Когда в разных изданиях, в СМИ и т.п. пишут и говорят о туманном Альбионе, смогах в Лондоне и других городах Великобритании, то мало кто представляет, что на самом деле представляет собой этот смог.
Помню, однажды мы с родителями были в Торгпредстве на каком-то мероприятии. Решив пойти домой, мы не узнали окружающую нас местность: всё вокруг было залито, как бы, молоком с запахом железнодорожной копоти, видимость не позволяла увидеть не только кистей рук, но даже и локтей. Фонари ничего не освещали, и их самих не было видно. Полицейский, дежуривший у входа в Торгпредство, сказал нам, когда мы ощупью на него наткнулись, что хозяева домов и дворники натянули между фонарными столбами веревки, по которым нам и следовало идти.
Время было достаточно позднее, так что мы столкнулись с идущим нам навстречу человеком только один раз. Испытание пришло на единственном на нашем пути перекрестке, при переходе через улицу: взявшись за руки, мы гусиным шагом двинулись в сторону, якобы, противоположной стороны, но не наткнулись ни на тротуар, ни на столб, ни на веревку. Папа приказал остановиться, а мы с мамой уже начали всплакивать: что такое, где мы, что случилось. По приказу папы мы замолкли и несколько минут простояли на месте в полной тишине, пока не услышали коротких гудков, которые в чрезвычайной ситуации издавали маневровые паровозы на станции. Тогда мы двинулись в сторону гудков, хотя мне казалось, что они раздаются в тумане со всех сторон. Оказалось, что за счет гусиного шага мы несколько переоценили пройденную нами часть дороги, не дойдя до тротуара каких-то полметра. В детстве, когда я болел с высокой температурой, мне часто снился этот пережитый ужас: плотный обволакивающий туман с запахом гари, тщетное желание что-либо увидеть или, хотя бы, до кого-либо докричаться.
Когда я работал в Лицензинторге, то дважды зимой был в командировках в Лондоне – никакого тумана, а тем более смога я не видел. Мои партнеры по переговорам объяснили мне, что с переходом на централизованное отопление газом и нефтью эти явления практически прекратились.

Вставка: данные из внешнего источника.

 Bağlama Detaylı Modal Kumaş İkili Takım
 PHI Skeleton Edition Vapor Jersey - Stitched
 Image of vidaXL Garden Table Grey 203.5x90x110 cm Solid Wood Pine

В своих командировках я почти не узнал территорию Торгпредства: бомбоубежище, которое после войны использовалось как склад натурального каучука, закупавшегося для нужд страны, было стерто с лица Земли. На месте чудесного яблоневого сада с прудом и фонтаном, теннисного корта и любимого места наших детских игр – многоствольной вековой акации был построен жилой дом. Да и само здание Торгпредство претерпело значительное изменение.
В 1951 году мы поехали домой на Родину, которую я совершенно не помнил, но о которой читал в книжках (с 4-х лет я научился свободно читать). По пути в порт, проезжая через город, отец постоянно указывал мне на развалины от фашистских бомбардировок:
– смотри и запоминай: у нас следов от бомбежек не увидишь. Наша Родина, наиболее пострадавшая во время войны, становится всё краше: в Москве строятся высотные дома, расширяются улицы, жизнь становится лучше и веселее.
Дома
Знакомство с Родиной началось в Ленинградской таможне. В течение долгих часов таможенники вскрывали наши чемоданы и ящики. Папа и мама давали пояснения по каждой вещи, а я с братом Мишей на коленях сидели на единственном найденном свободном стуле и смотрели на всё, что происходит.

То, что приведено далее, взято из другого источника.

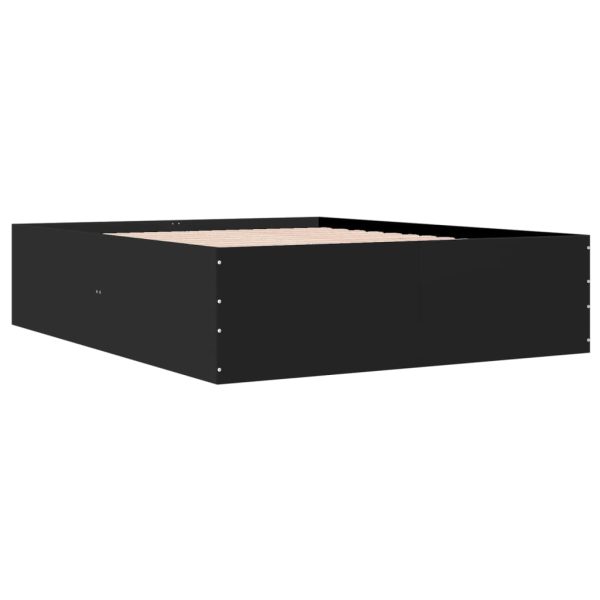 Giroletto Nero 160x200 Cm In Legno Multistrato - Image 3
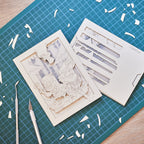 Mabel and Dipper Pines running through Gravity Falls forest with Waddles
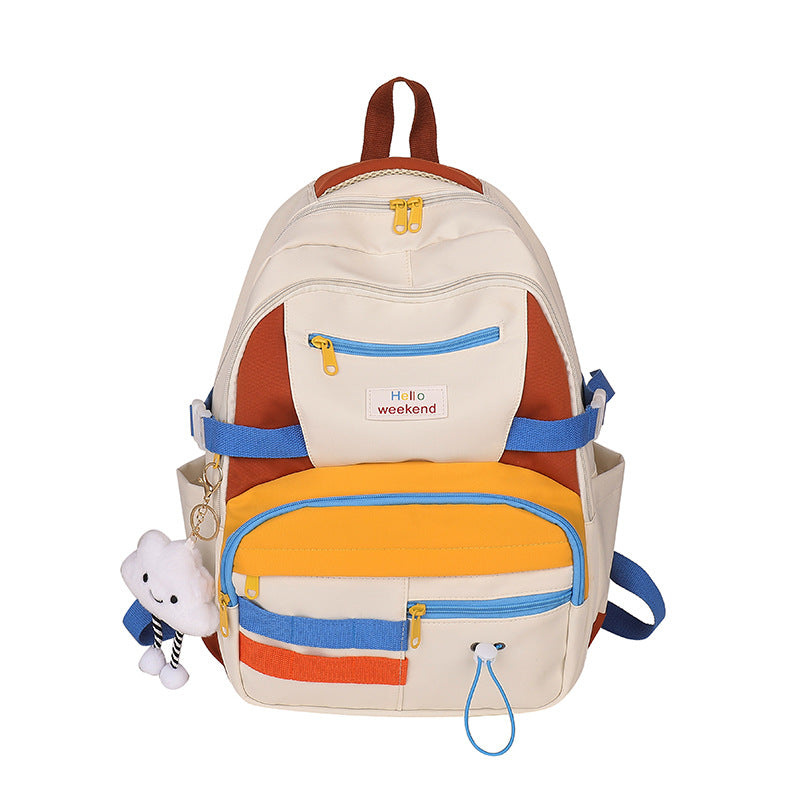 Verspielter Mehrfachtaschen-Rucksack Karnz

Когда, казалось бы, всё благополучно закончено, таможенники вскрыли ящик с любовно собираемой отцом коллекцией пластинок. И тут началось невообразимое:
… таможенники вытаскивали их по одной.
– Вертинский, … хрясть об стену!
– Русские народные песни в исполнении ненашенских ансамблей, … туда же! – Это кто? Неизвестный! … туда же!
Глядя на помертвевшее лицо отца и под звуки таможенной музыки заорал Мишка. Мама бросилась его успокаивать, а таможенники продолжали демонстрировать нам патриотизм, уничтожая одну пластинку за другой.
Из нескольких сотен пластинок, аккуратно переложенных отцом папиросной бумагой, нам на развод оставили лишь около десятка пластинок Шаляпина и ансамбля Александрова.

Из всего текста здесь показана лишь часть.